Print a level of the converstion dictionary in a human-readable format

Parameters:

stream (stream) – The stream to print to

static concatenate(ensembles)

Concatanate a list of ensembles

Parameters:

ensembles (list) – The ensembles we are concatanating

Returns:

ens – The output

Return type:

qp.Ensemble

static write_dict(filename, ensemble_dict, **kwargs)

static read_dict(filename)

Assume that filename is an HDF5 file, containing multiple qp.Ensembles that have been stored at nparrays.

qp.factory.instance()

Return the factory instance

qp.factory.add_class(the_class)

Add a class to the factory

Parameters:

the_class (class) – The class we are adding, must inherit from Pdf_Gen

qp.factory.create(class_name, data, method=None)

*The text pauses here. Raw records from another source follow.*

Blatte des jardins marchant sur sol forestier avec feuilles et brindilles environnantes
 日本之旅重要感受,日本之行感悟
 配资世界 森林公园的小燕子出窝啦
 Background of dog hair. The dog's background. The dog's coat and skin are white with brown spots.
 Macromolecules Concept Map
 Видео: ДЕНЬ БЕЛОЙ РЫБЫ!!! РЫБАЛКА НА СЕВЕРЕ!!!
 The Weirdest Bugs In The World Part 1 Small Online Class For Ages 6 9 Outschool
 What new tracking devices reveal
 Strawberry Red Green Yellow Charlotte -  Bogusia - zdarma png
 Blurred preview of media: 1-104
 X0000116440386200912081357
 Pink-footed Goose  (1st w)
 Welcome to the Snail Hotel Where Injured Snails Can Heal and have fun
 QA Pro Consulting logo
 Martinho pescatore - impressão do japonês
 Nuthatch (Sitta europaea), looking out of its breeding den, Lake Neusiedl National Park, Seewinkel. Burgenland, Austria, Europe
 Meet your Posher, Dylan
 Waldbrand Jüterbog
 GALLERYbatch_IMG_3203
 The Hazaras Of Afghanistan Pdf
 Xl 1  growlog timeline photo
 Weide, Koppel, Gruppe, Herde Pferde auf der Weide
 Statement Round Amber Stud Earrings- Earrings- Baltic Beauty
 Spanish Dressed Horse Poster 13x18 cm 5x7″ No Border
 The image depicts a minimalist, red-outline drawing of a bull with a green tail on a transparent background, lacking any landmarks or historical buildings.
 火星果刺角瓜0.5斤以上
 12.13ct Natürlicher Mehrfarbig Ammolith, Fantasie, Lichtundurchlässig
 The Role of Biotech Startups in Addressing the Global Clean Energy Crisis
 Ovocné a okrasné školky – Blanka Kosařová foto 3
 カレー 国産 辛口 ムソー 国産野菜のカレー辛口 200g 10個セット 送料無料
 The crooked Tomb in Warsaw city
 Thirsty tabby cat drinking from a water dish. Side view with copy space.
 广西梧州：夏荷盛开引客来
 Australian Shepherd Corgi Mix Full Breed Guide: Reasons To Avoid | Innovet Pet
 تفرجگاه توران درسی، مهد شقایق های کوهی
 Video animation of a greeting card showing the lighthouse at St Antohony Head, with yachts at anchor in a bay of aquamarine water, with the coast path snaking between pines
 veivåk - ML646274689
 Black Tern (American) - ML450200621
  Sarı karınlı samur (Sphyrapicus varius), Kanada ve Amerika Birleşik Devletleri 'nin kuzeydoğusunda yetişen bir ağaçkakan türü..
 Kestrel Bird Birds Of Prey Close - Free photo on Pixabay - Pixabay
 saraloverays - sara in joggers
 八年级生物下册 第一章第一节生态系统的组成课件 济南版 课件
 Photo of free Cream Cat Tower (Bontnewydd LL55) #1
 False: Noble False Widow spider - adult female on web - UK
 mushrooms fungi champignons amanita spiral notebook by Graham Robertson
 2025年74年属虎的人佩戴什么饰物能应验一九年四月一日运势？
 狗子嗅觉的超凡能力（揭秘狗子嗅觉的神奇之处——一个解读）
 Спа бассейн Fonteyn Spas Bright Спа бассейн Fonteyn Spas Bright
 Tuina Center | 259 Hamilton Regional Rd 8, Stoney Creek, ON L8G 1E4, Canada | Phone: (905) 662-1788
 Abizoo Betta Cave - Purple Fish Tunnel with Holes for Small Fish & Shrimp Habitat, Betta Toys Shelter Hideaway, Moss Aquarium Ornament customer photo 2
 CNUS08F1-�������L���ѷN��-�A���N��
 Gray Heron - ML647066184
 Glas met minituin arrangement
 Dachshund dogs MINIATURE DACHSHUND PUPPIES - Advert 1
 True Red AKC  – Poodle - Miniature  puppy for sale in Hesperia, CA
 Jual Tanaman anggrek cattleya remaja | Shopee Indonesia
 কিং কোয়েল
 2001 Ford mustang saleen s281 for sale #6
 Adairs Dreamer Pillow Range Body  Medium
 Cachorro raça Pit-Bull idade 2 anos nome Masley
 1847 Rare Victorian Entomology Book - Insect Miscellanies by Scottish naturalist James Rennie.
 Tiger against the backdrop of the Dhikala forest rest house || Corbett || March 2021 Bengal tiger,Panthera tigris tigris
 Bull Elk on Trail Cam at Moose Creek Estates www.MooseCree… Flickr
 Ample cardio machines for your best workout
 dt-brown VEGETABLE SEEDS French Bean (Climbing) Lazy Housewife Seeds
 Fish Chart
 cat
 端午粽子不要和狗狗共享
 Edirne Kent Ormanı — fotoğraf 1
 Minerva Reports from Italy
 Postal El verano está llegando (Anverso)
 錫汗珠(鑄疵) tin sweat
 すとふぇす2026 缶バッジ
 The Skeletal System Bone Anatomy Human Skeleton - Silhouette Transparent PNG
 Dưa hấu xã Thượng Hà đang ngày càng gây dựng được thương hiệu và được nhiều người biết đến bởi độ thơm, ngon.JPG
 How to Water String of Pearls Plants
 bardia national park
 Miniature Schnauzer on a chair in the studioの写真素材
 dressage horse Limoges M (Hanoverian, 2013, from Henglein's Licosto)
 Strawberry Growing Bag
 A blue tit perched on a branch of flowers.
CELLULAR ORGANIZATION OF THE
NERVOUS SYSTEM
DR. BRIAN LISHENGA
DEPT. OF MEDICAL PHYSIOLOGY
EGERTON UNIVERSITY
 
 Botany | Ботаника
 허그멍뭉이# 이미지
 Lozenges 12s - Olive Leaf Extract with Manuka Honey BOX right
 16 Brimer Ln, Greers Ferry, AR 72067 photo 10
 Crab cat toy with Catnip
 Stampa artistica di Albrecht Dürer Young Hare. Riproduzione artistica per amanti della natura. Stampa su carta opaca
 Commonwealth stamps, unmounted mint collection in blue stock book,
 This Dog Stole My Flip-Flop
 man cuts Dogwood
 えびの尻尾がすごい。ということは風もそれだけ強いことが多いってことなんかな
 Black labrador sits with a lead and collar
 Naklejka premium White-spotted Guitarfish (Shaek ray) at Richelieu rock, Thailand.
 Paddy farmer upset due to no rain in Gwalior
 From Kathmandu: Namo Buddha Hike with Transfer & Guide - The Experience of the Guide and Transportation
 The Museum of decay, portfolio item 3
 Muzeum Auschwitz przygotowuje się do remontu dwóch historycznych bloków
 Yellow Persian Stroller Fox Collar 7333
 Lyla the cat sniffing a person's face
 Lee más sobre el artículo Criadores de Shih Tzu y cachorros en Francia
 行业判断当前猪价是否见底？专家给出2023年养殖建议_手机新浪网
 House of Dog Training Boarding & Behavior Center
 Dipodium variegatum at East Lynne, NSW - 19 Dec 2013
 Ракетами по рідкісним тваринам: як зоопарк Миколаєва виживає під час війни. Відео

Make an ensemble of a particular type of distribution

Parameters:

• class_name (str) – The name of the class to make

• data (dict) – Values passed to class create function

• method (str [None]) – Used to select which creation method to invoke

Returns:

ens – The newly created ensemble

Return type:

qp.Ensemble

qp.factory.read(filename)

Read this ensemble from a file

Parameters:

filename (str) –

Notes

This will use information in the meta data to figure out how to construct the data need to build the ensemble.

qp.factory.read_metadata(filename)

Read an ensemble’s metadata from a file, without loading the full data.

Parameters:

filename (str) –

qp.factory.iterator(filename, chunk_size=100000, rank=0, parallel_size=1)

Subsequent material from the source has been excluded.